A comparison of the cumulative release of metazachlor and pendimethalin showed that the plateau phase was not reached for the latter herbicide. The release of pendimethalin was still in the growth phase, even after 12 weeks. Average weekly released doses of this herbicides, over the observed time, were almost the same. The principal factor contributing for the reduced release rate of pendimethalin is its solubility in water. The solubility of metazachlor in water is 450 mg/L, which is more than a thousand times greater than the solubility of pendimethalin, which is 0.33 mg/L. For the blend prepared with oligosaccharides unmodified for both tested herbicides, the release was significantly lower in all cases. For metazachlor, the release values were lower by approximately 20% and by 30% for pendimethalin). Modification of the analyzed saccharides affects the improvement of the release profile, which is particularly noticeable during the release of the herbicide in the soil. The weekly release rates for both metazachlor and pendimethalin were constant for a period of 12 weeks.

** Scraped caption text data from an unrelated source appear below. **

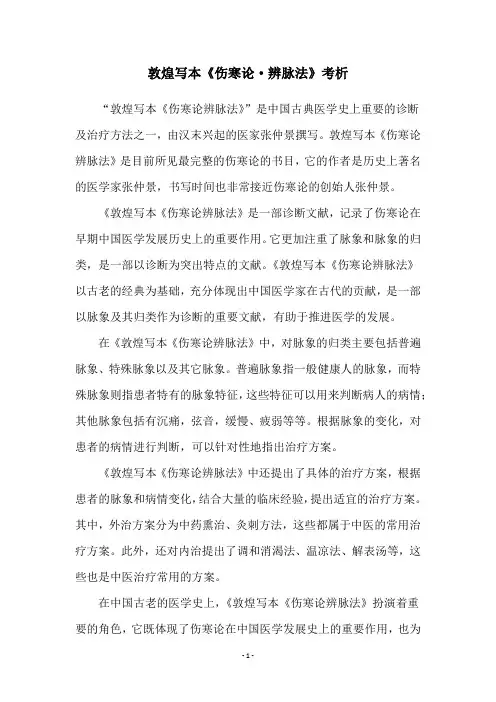 敦煌写本《伤寒论·辨脉法》考析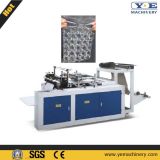 Multi Function Plastic Glove/ Ice Cube Bag Making Machine (BD-500)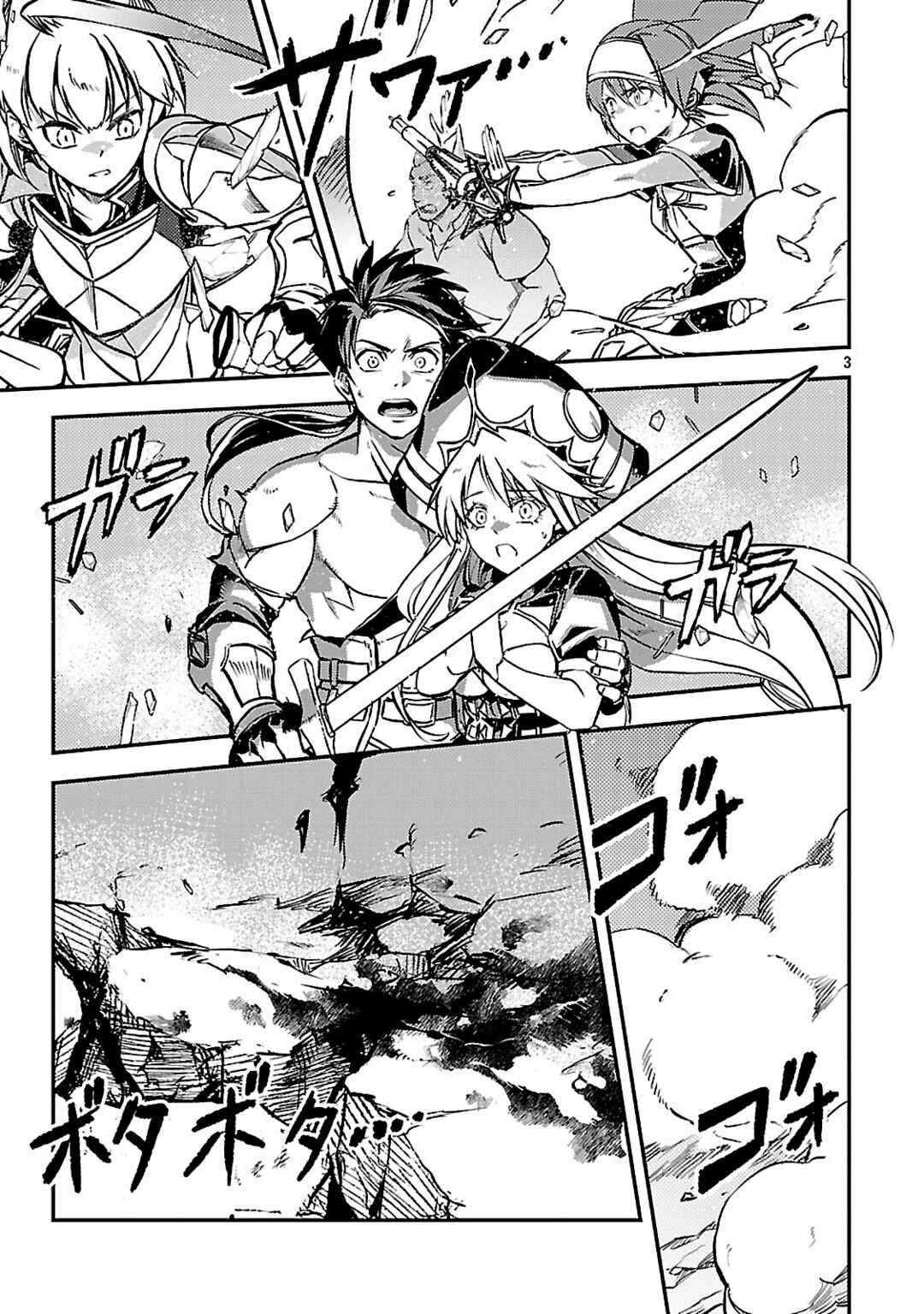 Chapter 40 - Page 3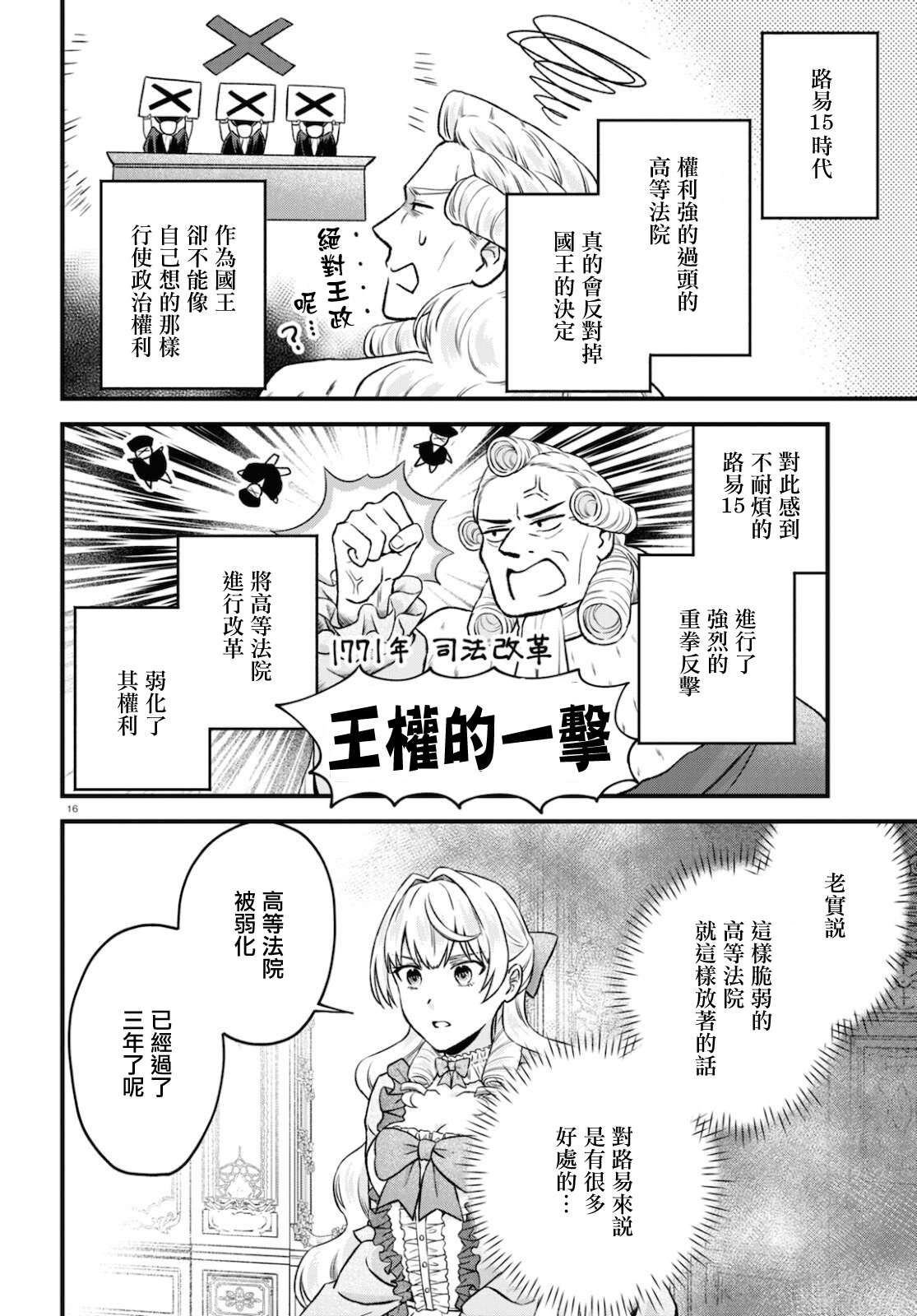 《转生恶役千金玛丽安托瓦内特》漫画最新章节第12话免费下拉式在线观看章节第【16】张图片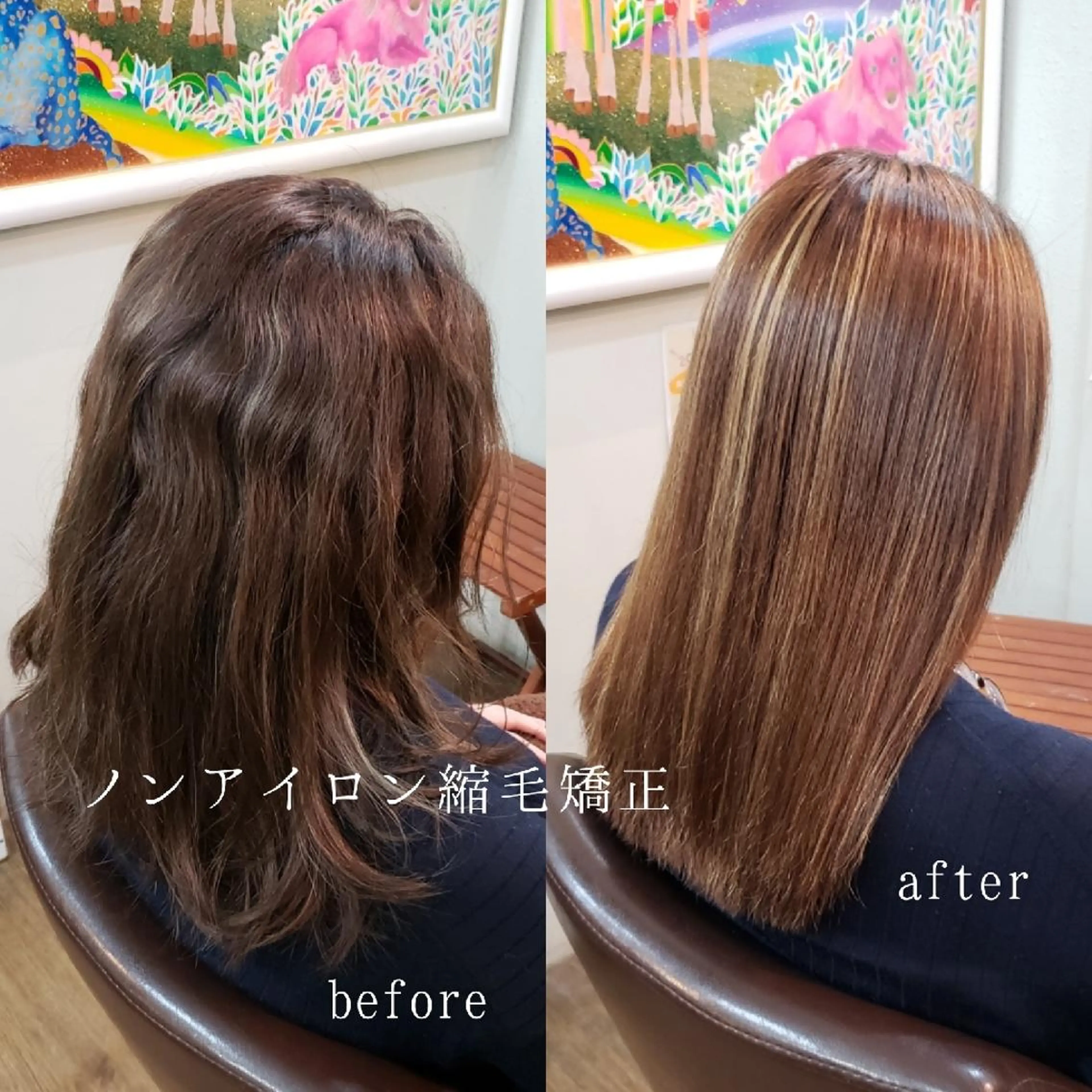 ロング 鈴木 昌浩のヘアスタイル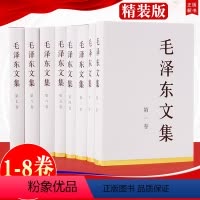[正版]直发毛泽东文集 全八卷套装(精装版) (1-8卷) 共收入毛泽东文稿803篇 毛泽东著作集语录毛泽东思想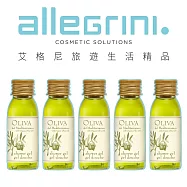 【Allegrini 艾格尼】Oliva地中海橄欖旅行系列 30ml 5入組 -沐浴露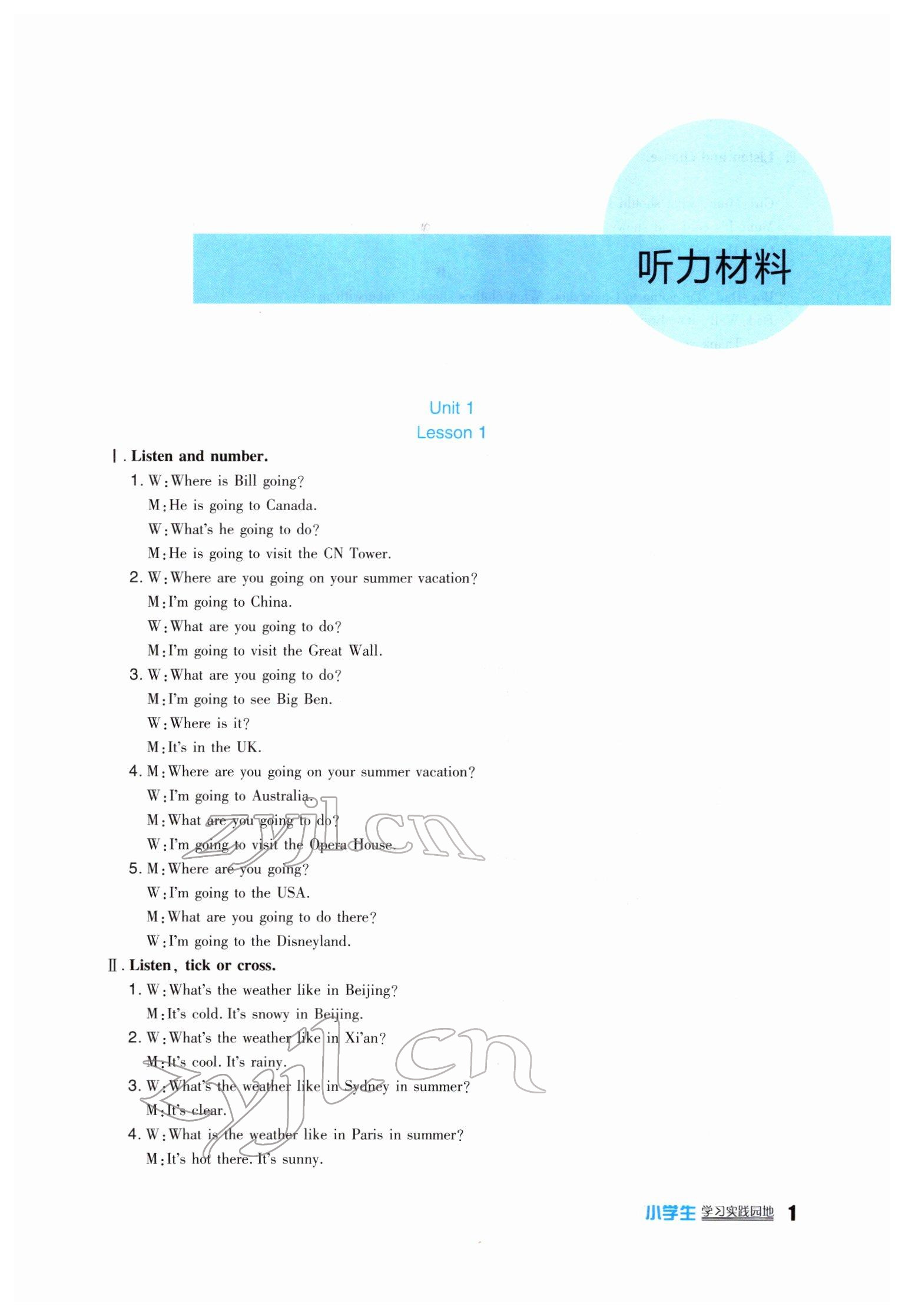 2022年學(xué)習(xí)實(shí)踐園地六年級(jí)英語下冊(cè)人教新起點(diǎn) 第1頁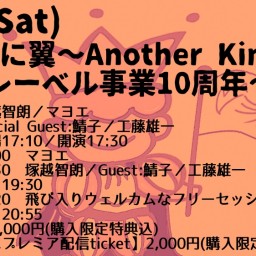 『智に翼〜Another Kingdom レーベル事業10周年〜』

Comparison of the NMR and UV–Vis spectra of the used herbicides before and after the release experiment proved that the morphology of these substances did not change during the immobilization time and after the release experiment (Supporting Information, Figure S17). This means that the proposed controlled release system protects the used herbicides against their degradation caused by environmental conditions such as moisture, UV radiation, microbial activity, or temperature and allows for their release as unchanged substances even after few months of immobilization.

4. Conclusions

Among all the tested blends, which were proposed as a carrier for potential use in controlled release of plant protection agents, PLGA-block-PEG copolymer blended with grafted dextrin yielded very promising results for their future applications. In the 3-month release experiment, almost 90% of the loaded herbicides were gradually released into the soil; this is very important from the agricultural point of view, because the average growing season of cultivated plants is approximately few months (Figure 7). The optimal time of herbicide release to the root is most of the vegetation time of the plant (for cereals it is from 3 to 4 months). Considering the high susceptibility of modified dextrin on enzymatic action in soil, its presence in blend essentially accelerated the first phase of sample degradation when compared to the copolymer PLAGA/PEG. Enzymatic degradation of modified dextrin combined with leaching of the degradation products into medium caused significant erosion of the polymer matrix, thereby leading to acceleration of water diffusion into the polymer matrix and allowing for easier leaching of herbicides outside the matrix. This phenomenon reflects the gradual release process of metazachlor in soil as compared to its release in water. As already mentioned, the proposed formulations provide herbicides in an unchanged form into soil within a few months of release. Among the tested formulations with immobilized metazachlor, those containing dextrin were much more effective than maltodextrin carriers, probably due to differences in the water absorption characteristics of the used materials. The tested controlled release system is not effective in the presence of the herbicide pendimethalin probably due to its extremely low solubility in water, which is one of the most important factors determining the release rate of immobilized active substances. Although pendimethalin immobilized in the blend containing modified dextrin exhibited a gradual release process within 3 months, it was not satisfactory because only 40% of the total loaded amount of herbicide was released.